Sami Yen, çocukluğumdan beri beni hep çok heyecanlandırdı. Bir çok maç izledim, Sami Yen Sokak’ta maç öncesi tezahürat yaptım,Burger’da yemek yedim, 500 ile eve döndüm ama hiç 120 numaralı belediye otobüsüne su atmadım(çok şükür). Bu anıların bir kısmına değineyim istiyorum.

Başlangıç olarak, bende en çok etkisi olan anlardan birine değineyim: Atkı şovları. Marchant isimli kızılderili marşı eşliğinde, her maç öncesi yapılan bir şovdu, bir maç öncesi ritüeliydi. “Alemin kralı geliyor” gibiydi. Sonradan bir şekilde yok oldu. Keşke hala olsa. O atmosfer, yaşanmadan bilinemez…

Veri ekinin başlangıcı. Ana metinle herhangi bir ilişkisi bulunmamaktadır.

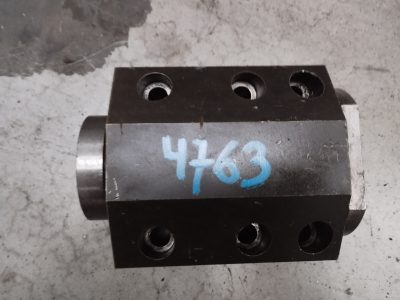 Holder for turning knives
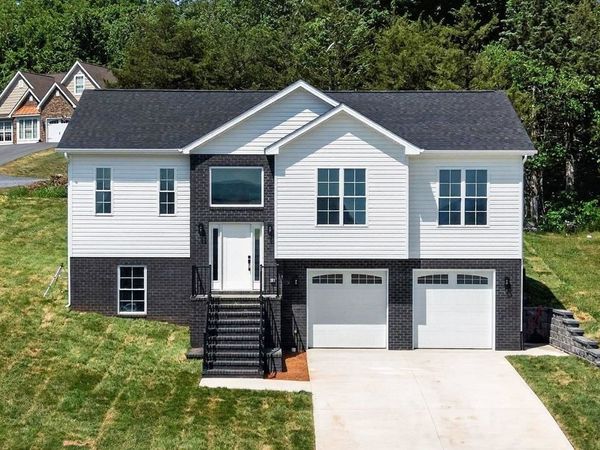211 SUFFOLK DR, ROCKINGHAM, VA 22801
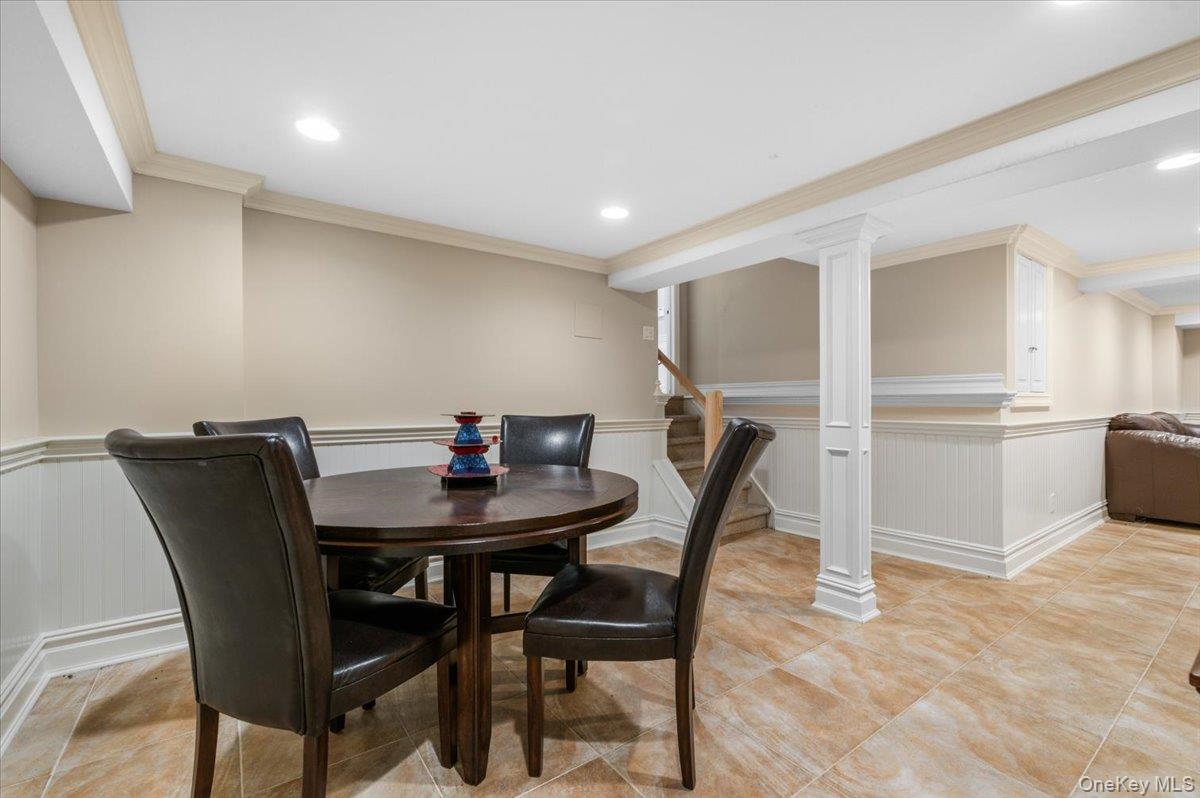 100 Cabot Road Property Photo 31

Maçlara geçersek, aklımda kalan bir maç var ki, kimse unutamaz onu: Real Madrid’e karşı oynanan Şampiyonlar Ligi çeyrek finali. İlk yarı 2-0 gerideyken, ikinci yarı 3-2 önde bitirdiğimiz, üzerine bir de 4. golü attığımız ama ofsayt diye verilmeyen maç.

Oradaydım:

Bunun dışında, 1-2 kaybedip şampiyonluğu kaçırdığımız Ankaragücü maçı da benim ve Galatasaray açısından önemlidir. Emre Belözoğlu’ndan Fenerbahçe’ye gittiği için değil, o maçtan sonra nefret etmeye başladım. Oyna(ma)dığı oyunu gördüm. Okan da aynı şekilde. Emre’den ne kadar nefret ediyorsam, Okan’dan da o denli nefret ederim. Yalan yok. Takımını satan adamlarla işim olmaz… Maç sonunda, ağladığımı da biliyorum. Maçın görüntülerini bulamadım, ama hatırlayanınız vardır.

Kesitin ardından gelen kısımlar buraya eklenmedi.